What you need to do
Pictures are to be left out, and only the lines from the one with "Image of Portrait" through the last line of the listing below are to be repeated exactly.

Dataset content
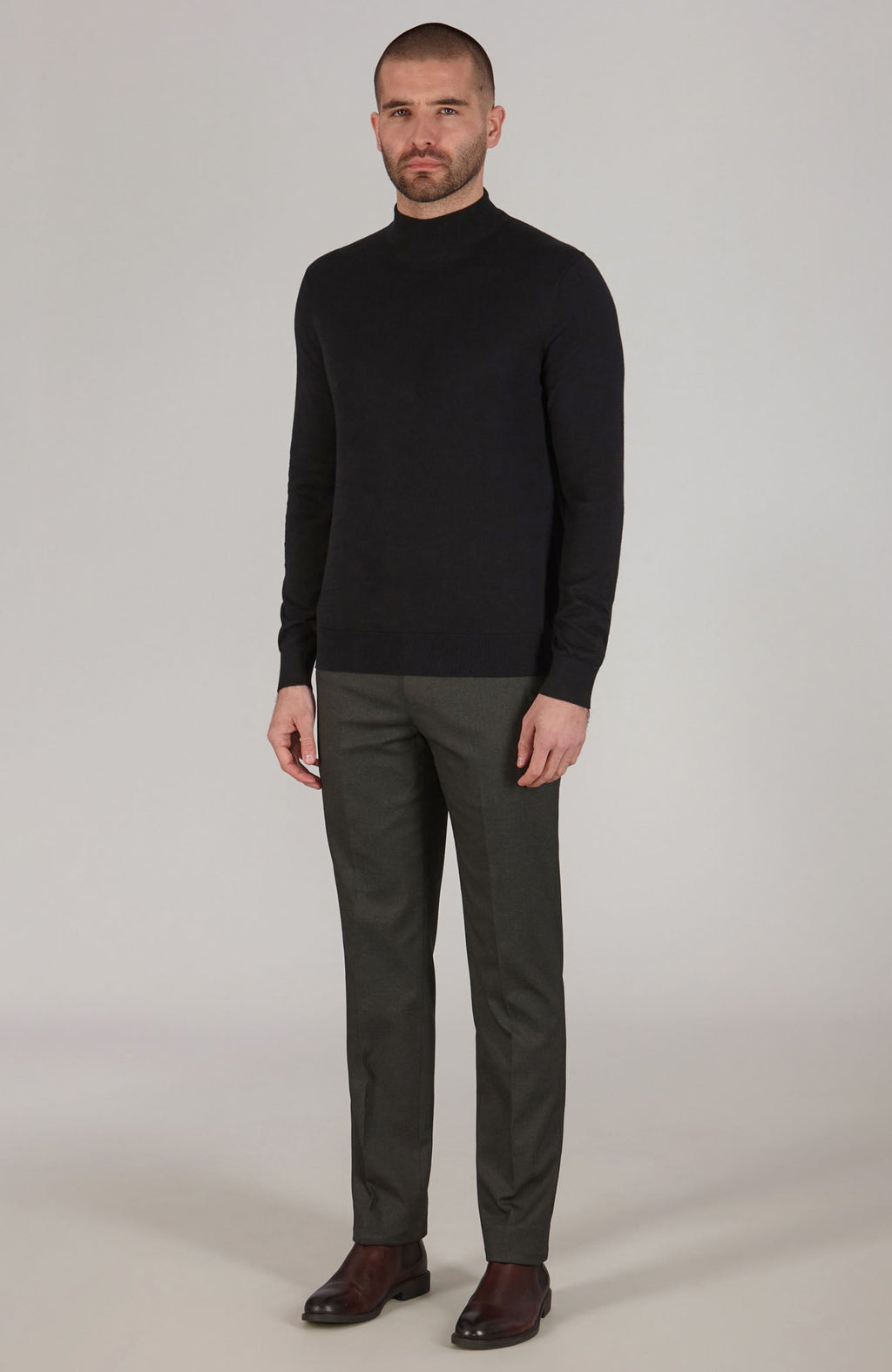 Mens Ultra Fine Cotton Mock Turtle Neck Jumper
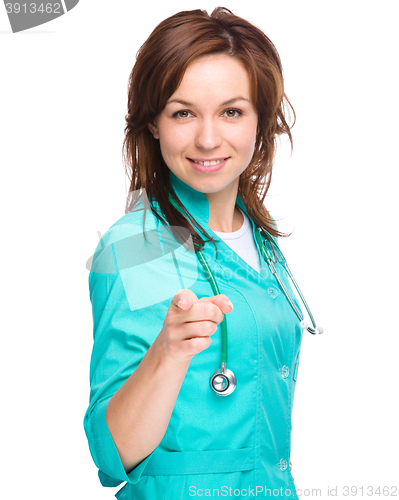 Image of Portrait of a woman wearing doctor uniform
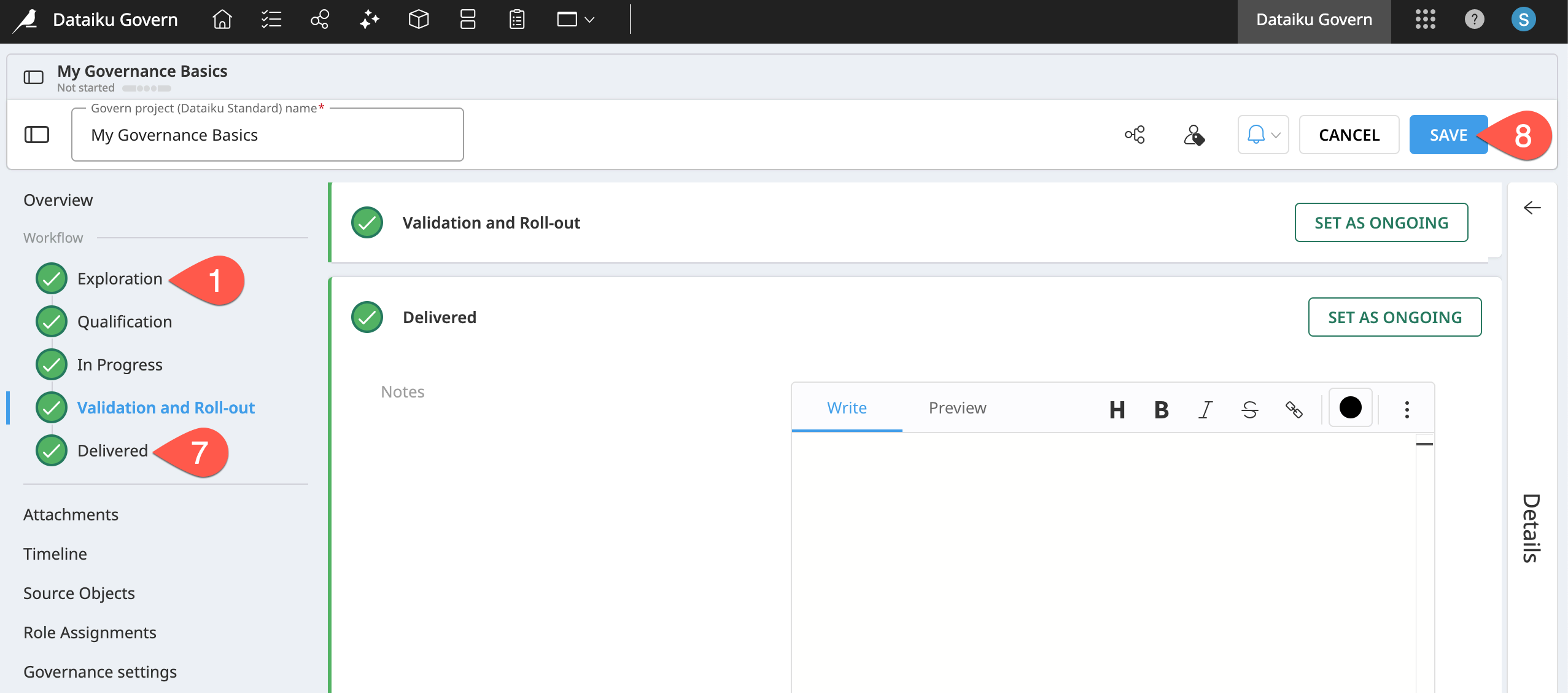 Dataiku screenshot of the Delivered step in the workflow of a governed project.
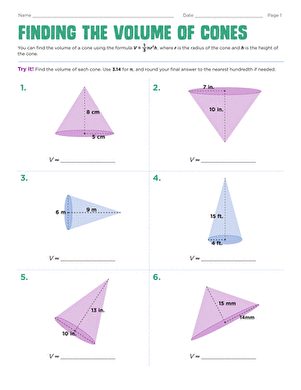 Worksheet for practicing volume calculations of different cones for eighth graders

Solution to this problem
 Image of Portrait of a woman wearing doctor uniform
 Dataiku screenshot of the Delivered step in the workflow of a governed project.
 Worksheet for practicing volume calculations of different cones for eighth graders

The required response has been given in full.